EXERCISE DESCRIPTION: Only the lines below from the one with "Kitchen - 4210" through the one with "Salvage Lincoln Towncar" are to be written out, exactly and without any images.

EXTRACTED INFORMATION:
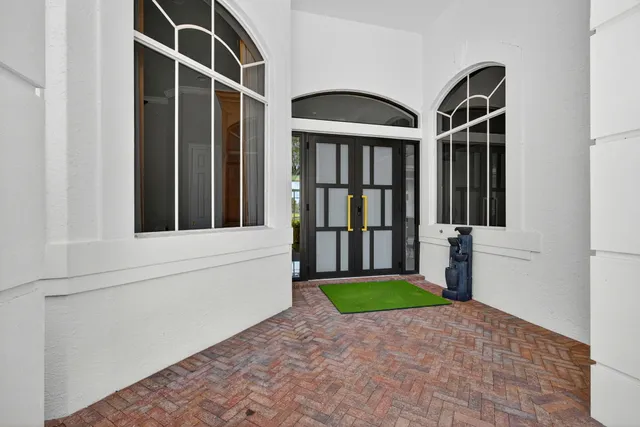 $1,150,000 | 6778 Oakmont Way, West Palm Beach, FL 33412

...

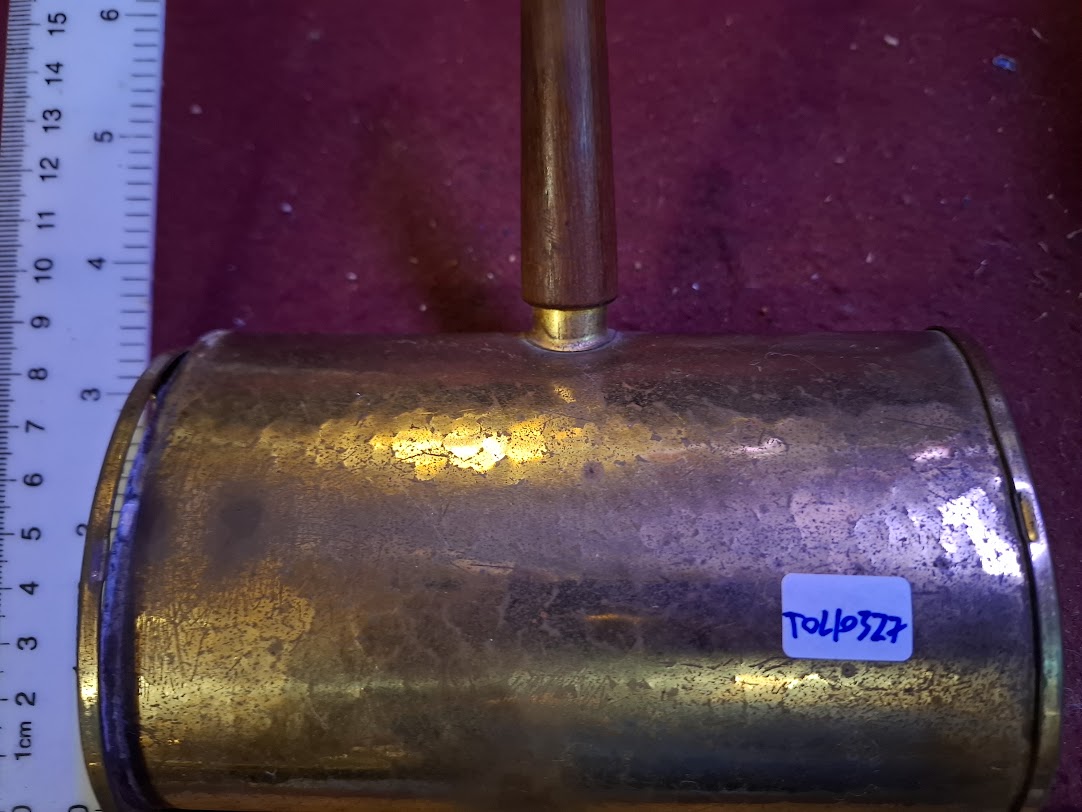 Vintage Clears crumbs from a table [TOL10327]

...

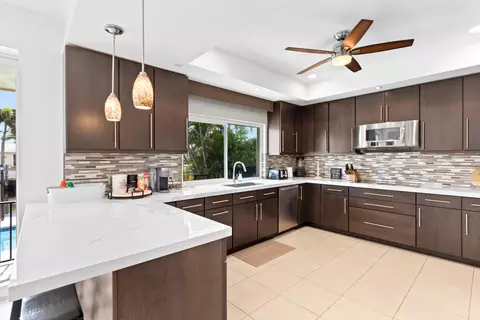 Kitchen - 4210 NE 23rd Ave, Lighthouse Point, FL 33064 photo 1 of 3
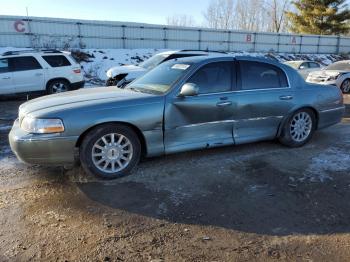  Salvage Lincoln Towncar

ANSWER TO THIS EXERCISE:
 Kitchen - 4210 NE 23rd Ave, Lighthouse Point, FL 33064 photo 1 of 3
  Salvage Lincoln Towncar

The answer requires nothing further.